_Activity_
What is needed is an exact copy of all the records below.

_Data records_

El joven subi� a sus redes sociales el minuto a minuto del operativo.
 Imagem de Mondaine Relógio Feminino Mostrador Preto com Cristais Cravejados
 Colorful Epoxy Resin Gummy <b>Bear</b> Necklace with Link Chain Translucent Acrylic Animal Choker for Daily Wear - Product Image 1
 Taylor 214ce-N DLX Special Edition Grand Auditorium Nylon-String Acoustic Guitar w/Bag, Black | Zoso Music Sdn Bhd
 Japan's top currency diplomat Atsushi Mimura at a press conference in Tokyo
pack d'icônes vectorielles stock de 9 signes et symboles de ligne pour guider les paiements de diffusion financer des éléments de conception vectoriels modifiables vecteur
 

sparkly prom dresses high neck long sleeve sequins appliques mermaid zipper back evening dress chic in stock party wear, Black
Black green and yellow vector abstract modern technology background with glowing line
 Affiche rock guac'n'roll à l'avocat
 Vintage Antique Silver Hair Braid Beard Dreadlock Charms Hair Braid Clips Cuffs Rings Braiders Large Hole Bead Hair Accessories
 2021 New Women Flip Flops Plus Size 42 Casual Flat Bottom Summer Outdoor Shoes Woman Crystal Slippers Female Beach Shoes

_Answer below_
El joven subi� a sus redes sociales el minuto a minuto del operativo.
 Imagem de Mondaine Relógio Feminino Mostrador Preto com Cristais Cravejados
 Colorful Epoxy Resin Gummy <b>Bear</b> Necklace with Link Chain Translucent Acrylic Animal Choker for Daily Wear - Product Image 1
 Taylor 214ce-N DLX Special Edition Grand Auditorium Nylon-String Acoustic Guitar w/Bag, Black | Zoso Music Sdn Bhd
 Japan's top currency diplomat Atsushi Mimura at a press conference in Tokyo
pack d'icônes vectorielles stock de 9 signes et symboles de ligne pour guider les paiements de diffusion financer des éléments de conception vectoriels modifiables vecteur
 

sparkly prom dresses high neck long sleeve sequins appliques mermaid zipper back evening dress chic in stock party wear, Black
Black green and yellow vector abstract modern technology background with glowing line
 Affiche rock guac'n'roll à l'avocat
 Vintage Antique Silver Hair Braid Beard Dreadlock Charms Hair Braid Clips Cuffs Rings Braiders Large Hole Bead Hair Accessories
 2021 New Women Flip Flops Plus Size 42 Casual Flat Bottom Summer Outdoor Shoes Woman Crystal Slippers Female Beach Shoes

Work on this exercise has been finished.